Tribunal Administratif de la Martinique, 22/07/2022, n°2200213
Vu la procédure suivante :
Par une requête, enregistrée le 5 avril 2022, la société Est Industries Sentis, représentée par la Selarl Soler-Couteaux et associés, demande au juge des référés :
1°) de condamner le Syndicat martiniquais de traitement et de valorisation des déchets à lui verser une provision d'un montant total de 748 120, 95 euros correspondant à une créance de 565 604, 53 euros au titre du solde du marché public, assortie d'un montant de 39 264, 19 euros au titre des révisions de prix et, d'un montant de 143 252, 23 euros au titre des intérêts moratoires et frais forfaitaires de recouvrement en application de l'article R. 541-1 du code de justice administrative ;
2°) de mettre à la charge du syndicat martiniquais de traitement et de valorisation des déchets (SMTVD) une somme de 5 000 euros en application de l'article L. 761-1 du code de justice administrative.
Elle soutient que :
- la créance est non sérieusement contestable dès lors que le décompte général est devenu tacitement définitif en application de l'article 13.4.4 du CCAG travaux ;
- les révisions de prix sont indiquées au titre du projet de décompte, et sont conformes aux stipulations contractuelles, ainsi qu'au décompte transmis par le maître d'œuvre ;
- les intérêts moratoires sont dus dès lors que le délai de paiement de 30 jours n'a pas été respecté à compter du dépôt de la facture sur l'application Chorus.

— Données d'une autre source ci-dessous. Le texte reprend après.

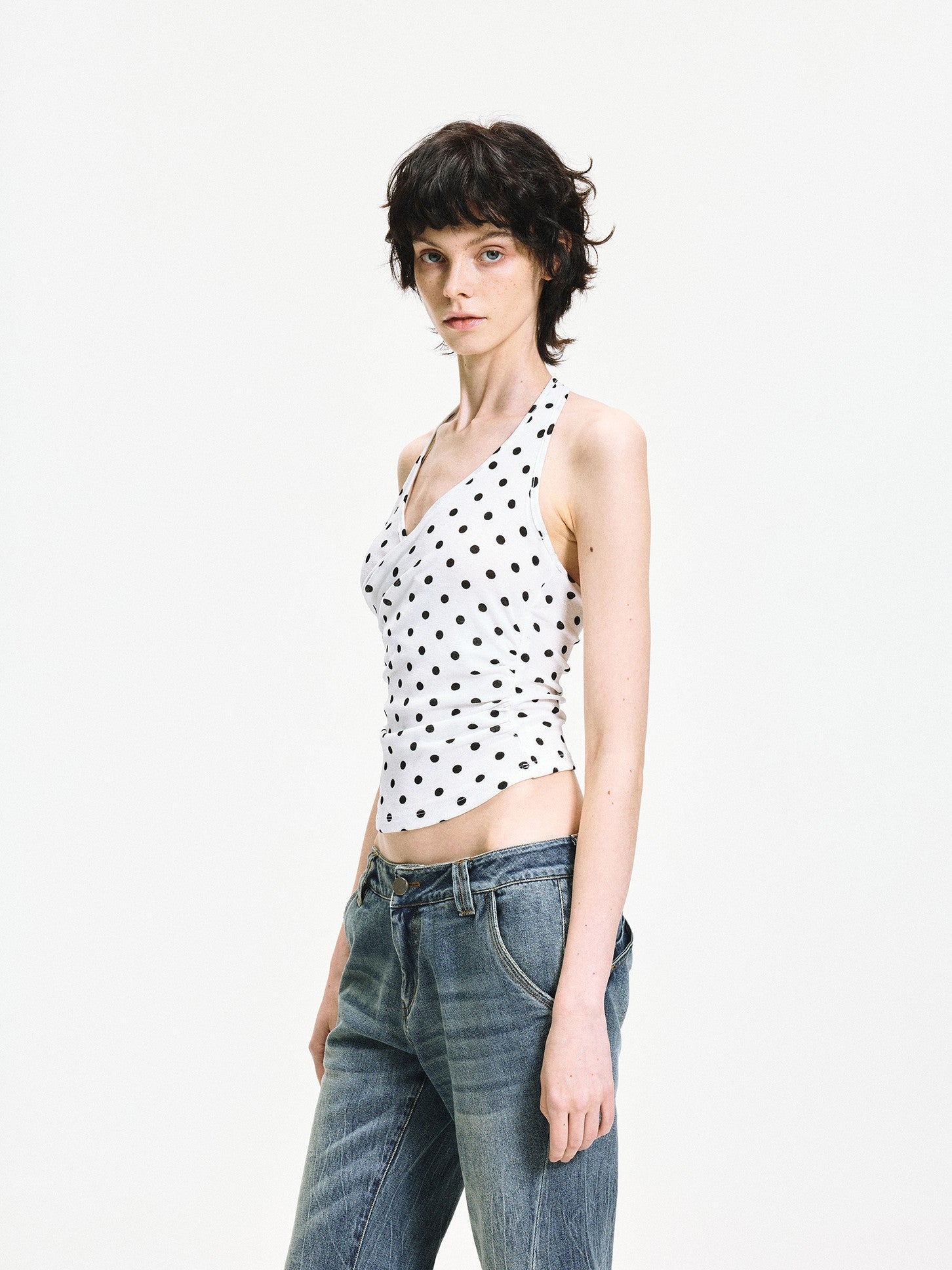 kvkv White Polka Dot Halter Tie Back Slim Women&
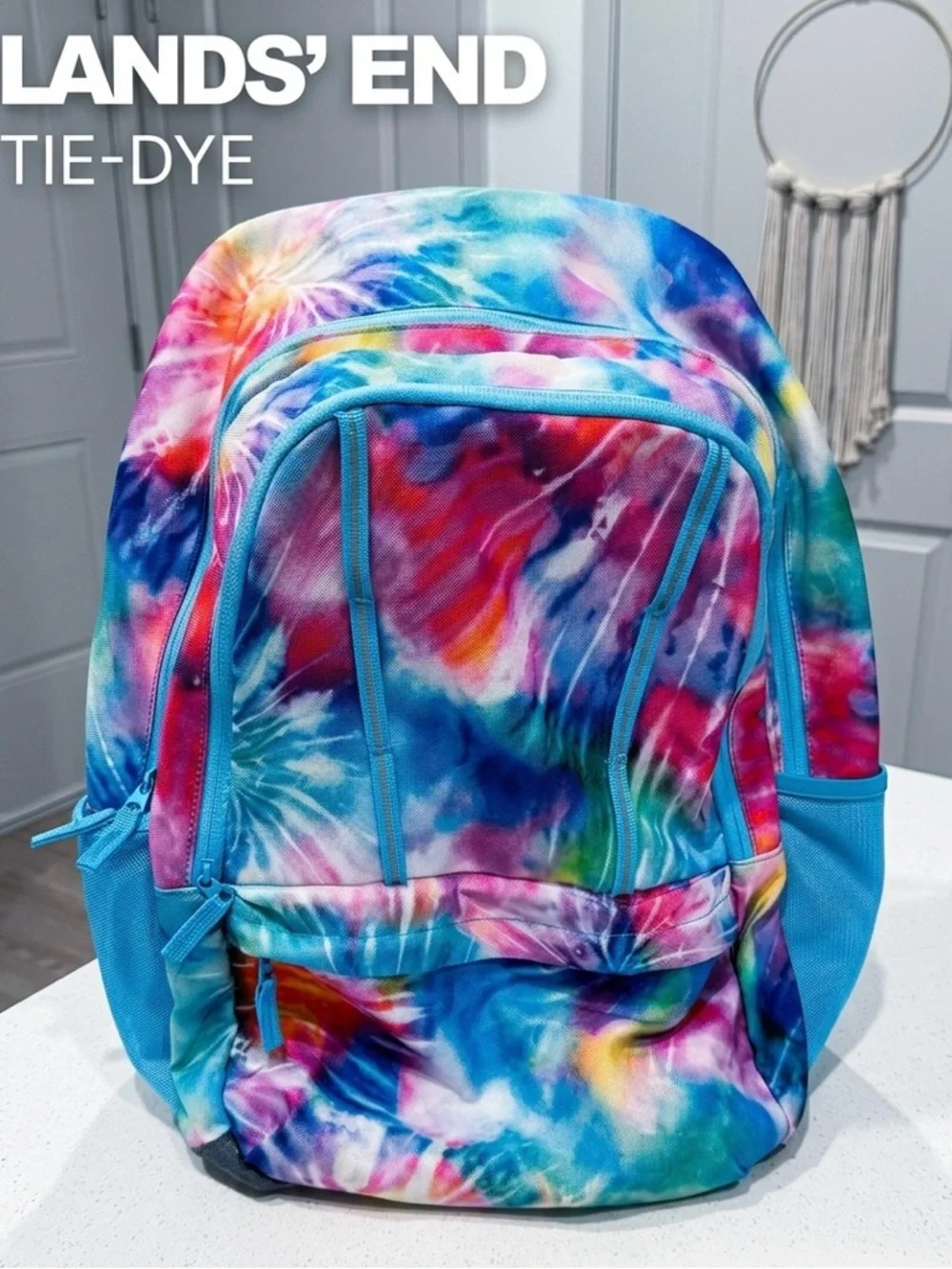 Lands’ End Kids ClassMate Backpack - Vibrant Tie-Dye - Large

Par un mémoire, enregistré le 11 juillet 2022, la société Est Industries Sentis a déclaré se désister de ses conclusions principales à hauteur de 565 604, 53 euros au titre du solde du marché, à la suite des règlements perçus en cours d'instance mais maintient ses conclusions tendant au versement d'une somme de 39 264,19 euros au titre des révisions de prix ainsi que ses conclusions accessoires réévaluées à 150 107,61 euros au titre des intérêts moratoires et frais forfaitaires de recouvrement.

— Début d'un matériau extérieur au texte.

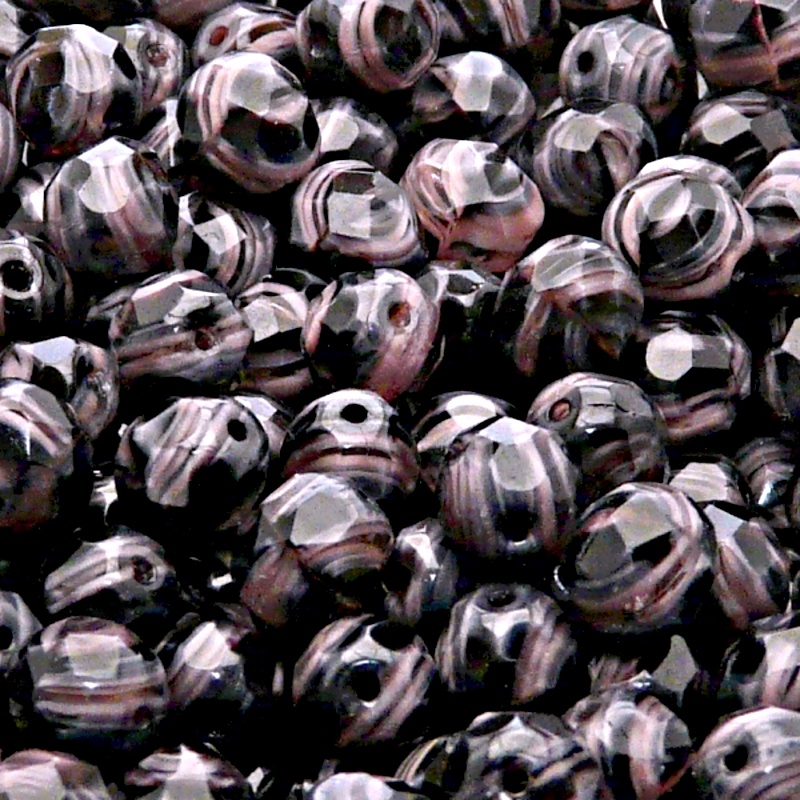 25pcs Czech Fire Polished Faceted Glass Beads Round 8mm Pink Jet Striped Moonlight (26707)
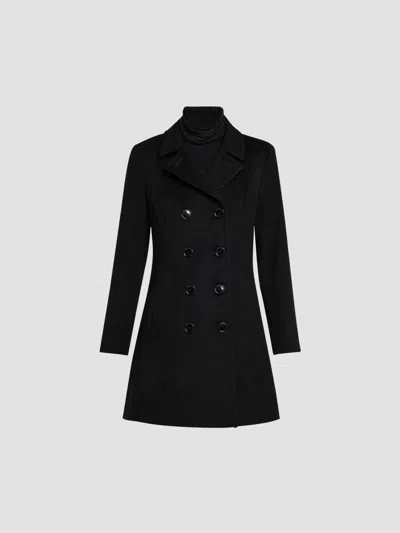 Sofia Cashmere Women's Cashmere Double-breasted Peacoat In Black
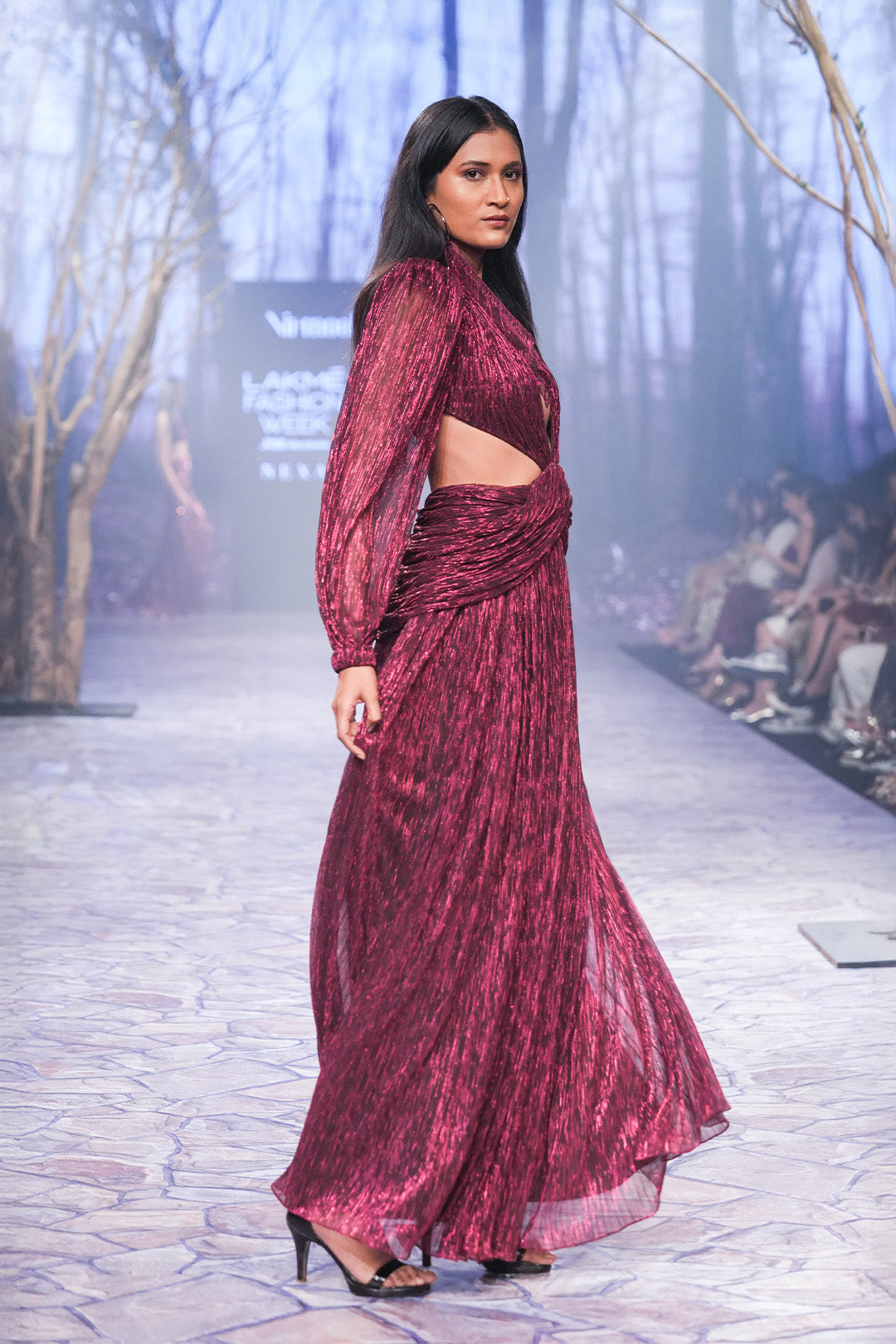 Metallic Backless Cutout Gown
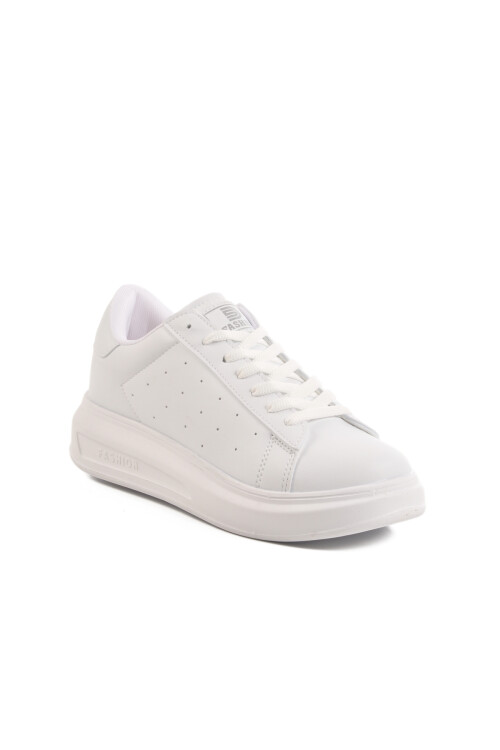 White Lace-Up Womens Sneakers 156 G
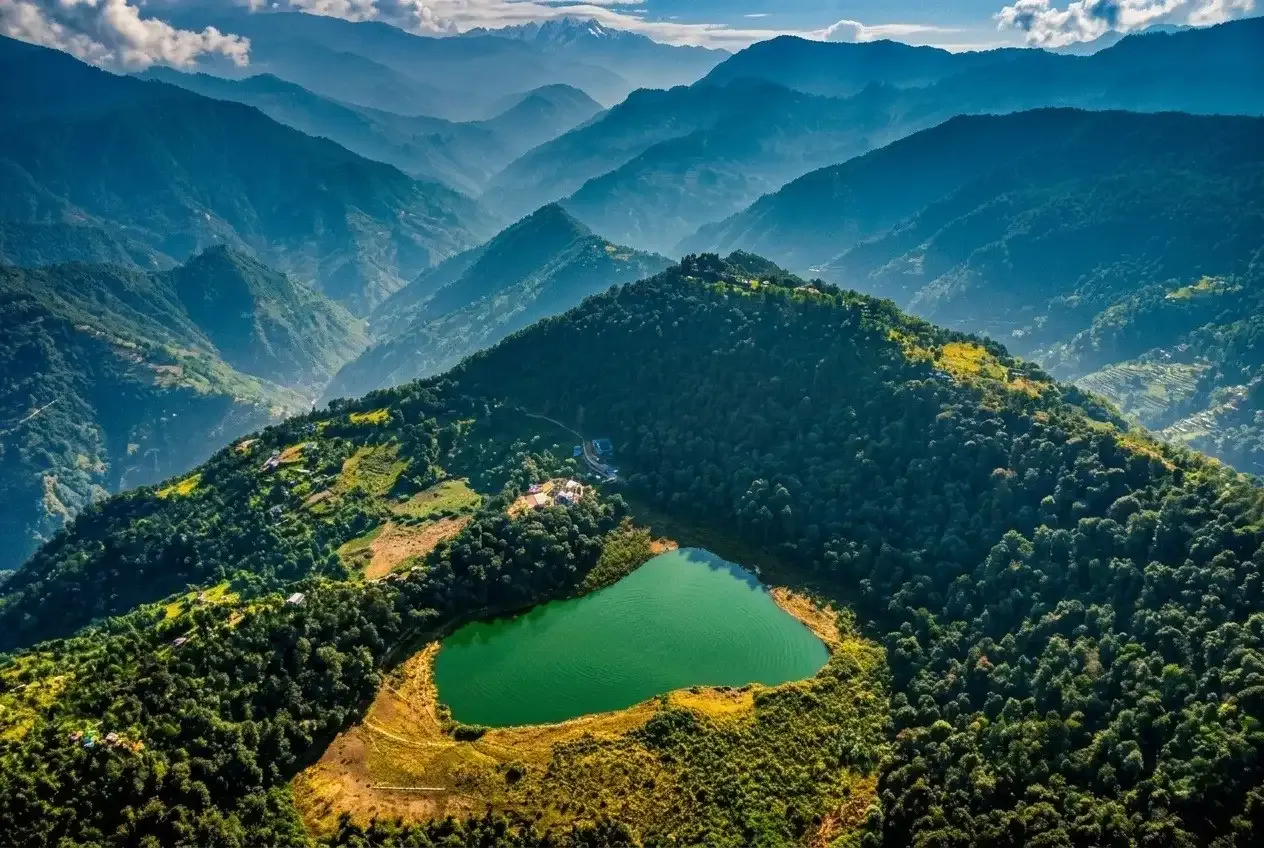 peaceful Khecheopalri lake surrounded by forest Sikkim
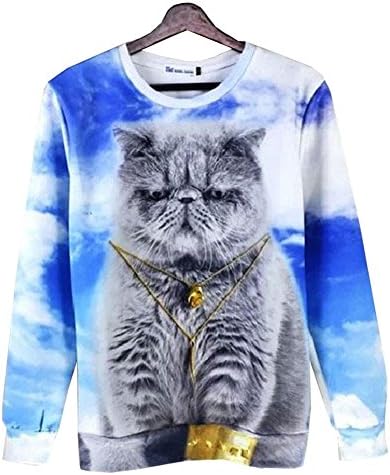 Women's Sweater Hippie Blue Sky Animal Funny Cat Hoodie Swag Sweatshirts, XL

La procédure a été communiquée le 7 avril 2022 au syndicat martiniquais de traitement et de valorisation des déchets, inscrit dans l'application télérecours, qui n'a pas produit de mémoire en défense.
Vu les autres pièces du dossier.
Vu :
- le code de la commande publique ;
- le code de la commande publique ;
- la loi n° 2013-100 du 28 janvier 2013 ;
- le décret n° 2013-269 du 29 mars 2013 ;
- l'arrêté ministériel du 8 septembre 2009 portant approbation du cahier des clauses administratives générales applicables aux marchés publics de travaux ;
- le code de justice administrative.
Considérant ce qui suit :
1. Par un acte d'engagement signé le 31 juillet 2019, le syndicat martiniquais
de traitement et de valorisation des déchets (SMTVD) a confié à la société Est Industries Sentis, le marché public ayant pour objet la rénovation des parois de deux fours-chaudières de l'unité de traitement et de valorisation des déchets située à Fort-de-France. Dans le dernier état de ses conclusions, la société Est Industries Sentis demande au juge des référés, le versement d'une somme de 39 264,19 euros au titre des révisions annuelles des prix et d'une somme
de 150 107,61 euros au titre des intérêts moratoires et frais forfaitaires de recouvrement.
Sur la créance due au titre des révisions annuelles des prix
2. Aux termes de l'article R. 541-1 du code de justice administrative : " Le juge des référés peut, même en l'absence d'une demande au fond, accorder une provision au créancier qui l'a saisi lorsque l'existence de l'obligation n'est pas sérieusement contestable. ". Il résulte de ces dispositions que, pour regarder une obligation comme non sérieusement contestable, il appartient au juge des référés de s'assurer que les éléments qui lui sont soumis par les parties sont de nature à en établir l'existence avec un degré suffisant de certitude. Dans ce cas, le montant de la provision que peut allouer le juge des référés n'a d'autre limite que celle résultant du caractère non sérieusement contestable de l'obligation dont les parties font état.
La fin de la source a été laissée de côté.